## Web page caption snippets
((
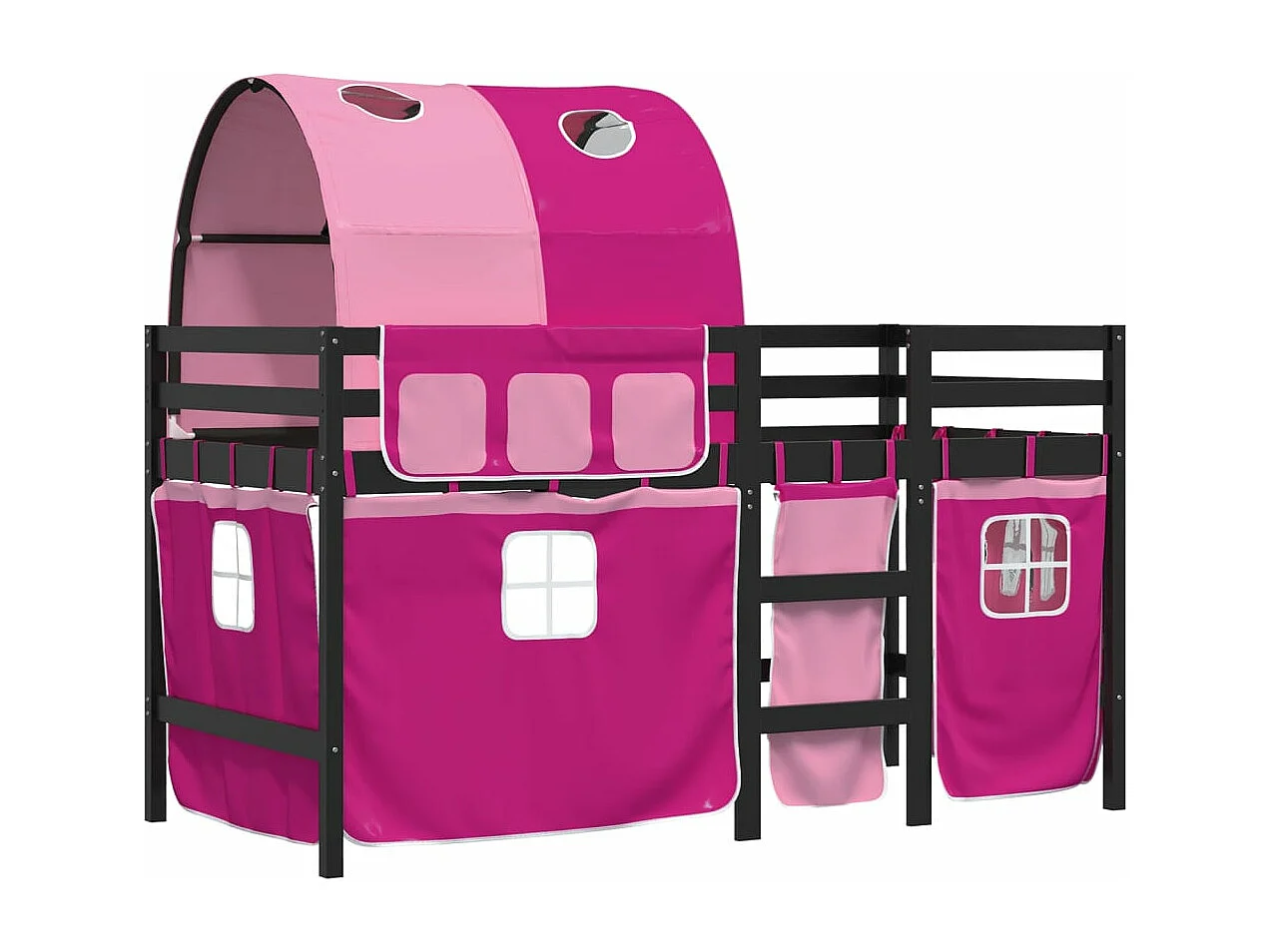 Lit mezzanine enfants avec tunnel rose 90x190 bois pin massif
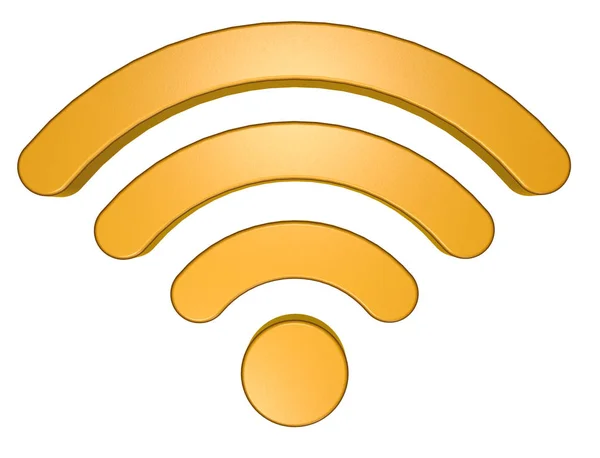 WiFi symbool op witte achtergrond - 3d rendering — Stockfoto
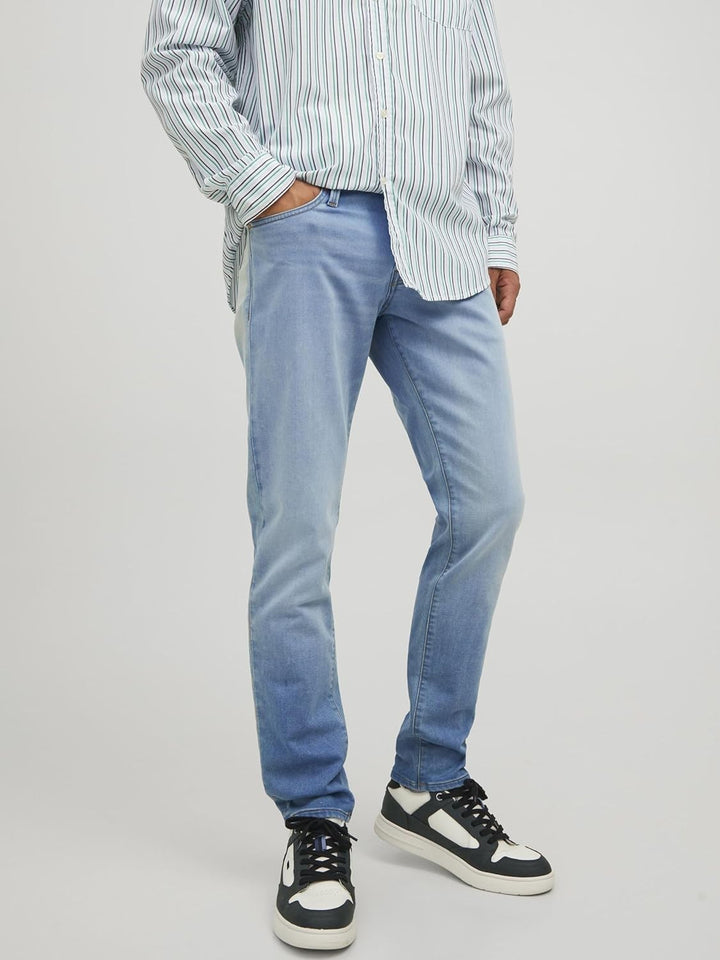 JACK &amp; JONES Male Slim Fit Jeans JJIGLENN JJICON GE 625 I.K Slim Fit Jeans 28W / 30L Blue Denim, 28W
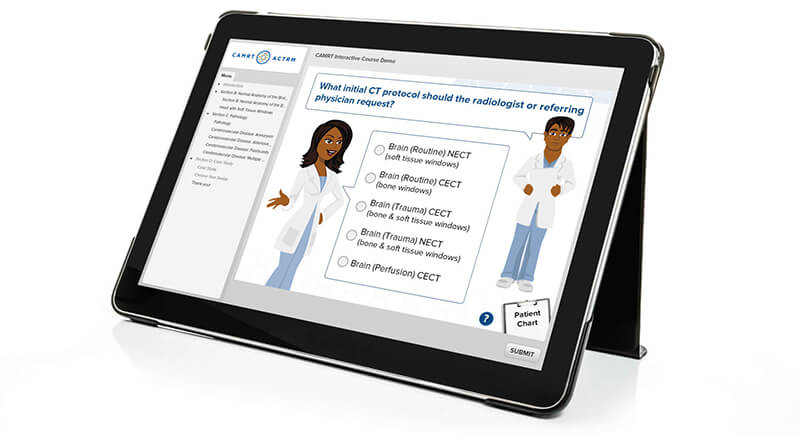 An example of part of an activity which uses a scenario (in this case, a specific patient's health)  - Magic Articulate Storyline Tricks Revealed - eLearning Course Design - Flare Learning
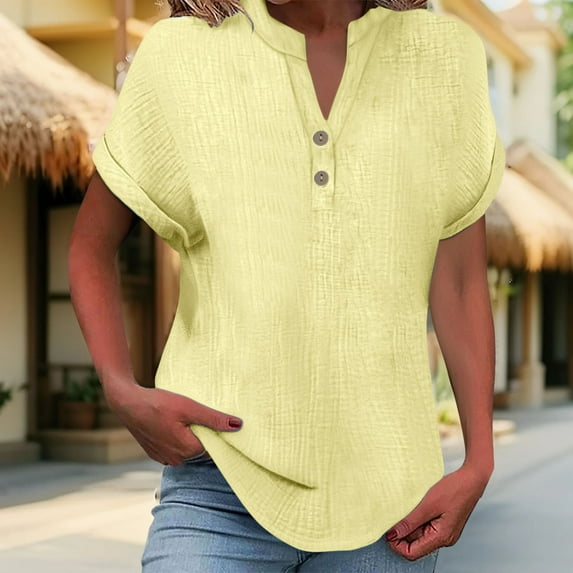 WCJM Essentials Women's Regular-Fit Short-Sleeve Crewneck T-Shirt, M Women's Fashionable and Casual Solid Color V Neck Wrinkle Cloth Button Short Sleeve Rolled Up T Shirt Top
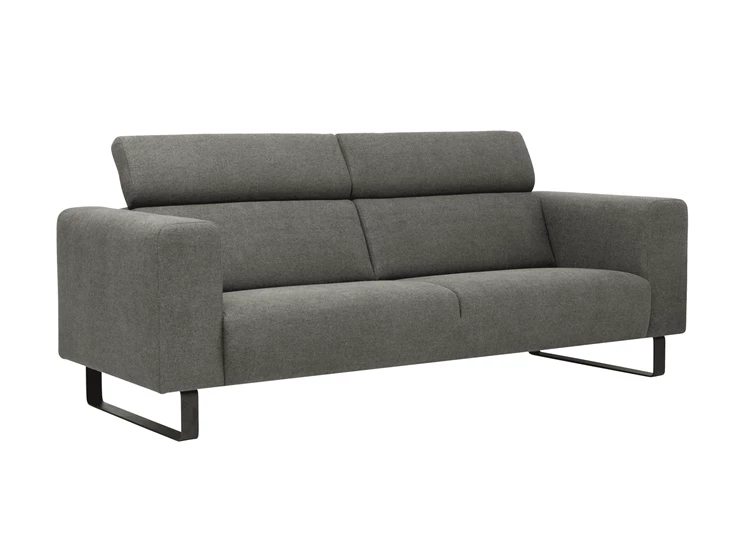 Romi miro jakobsen zwart salon modern sledepoot metaal stof canapé zetel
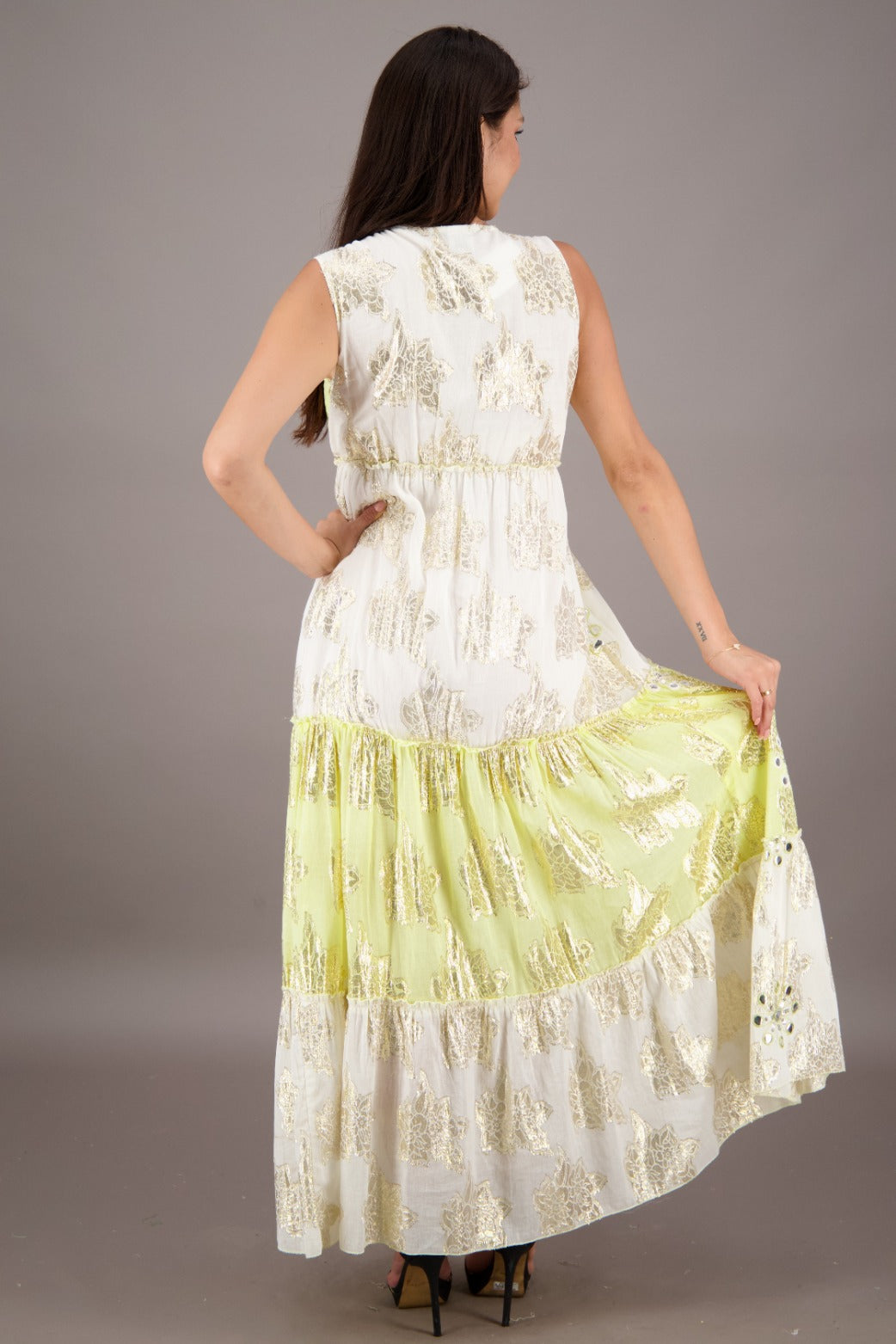 24733 Bohemian Lurex Embellished Maxi Dress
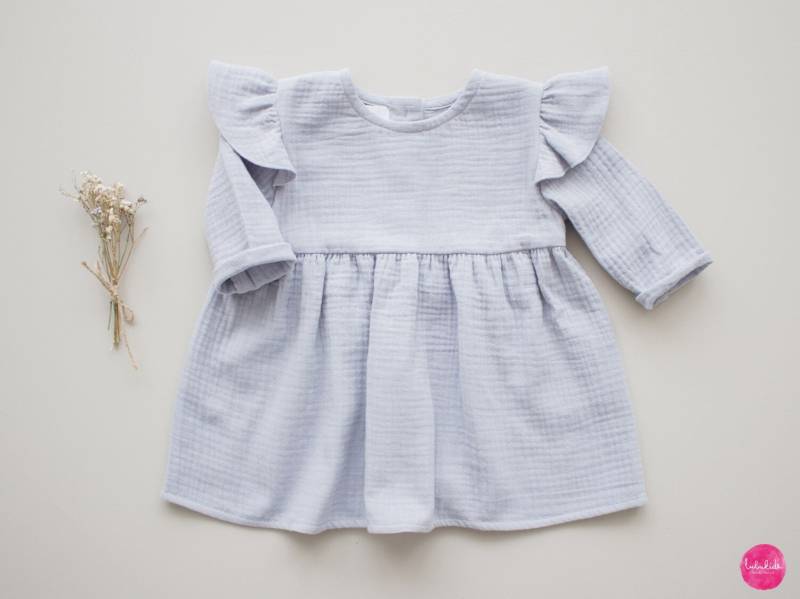 Babykleid Mädchenkleid Taukleid Taufoutfit Baumwollkleid Blumenmädchenkleid Hochzeitskleid Musselinkleid | Bio-Baumwolle Rüschenkleid von Lubukidz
))
## What to produce
Transcribe the entries above word for word, but leave every picture out of your copy.

## Solution for this problem
 Lit mezzanine enfants avec tunnel rose 90x190 bois pin massif
 WiFi symbool op witte achtergrond - 3d rendering — Stockfoto
 JACK &amp; JONES Male Slim Fit Jeans JJIGLENN JJICON GE 625 I.K Slim Fit Jeans 28W / 30L Blue Denim, 28W
 An example of part of an activity which uses a scenario (in this case, a specific patient's health)  - Magic Articulate Storyline Tricks Revealed - eLearning Course Design - Flare Learning
 WCJM Essentials Women's Regular-Fit Short-Sleeve Crewneck T-Shirt, M Women's Fashionable and Casual Solid Color V Neck Wrinkle Cloth Button Short Sleeve Rolled Up T Shirt Top
 Romi miro jakobsen zwart salon modern sledepoot metaal stof canapé zetel
 24733 Bohemian Lurex Embellished Maxi Dress
 Babykleid Mädchenkleid Taukleid Taufoutfit Baumwollkleid Blumenmädchenkleid Hochzeitskleid Musselinkleid | Bio-Baumwolle Rüschenkleid von Lubukidz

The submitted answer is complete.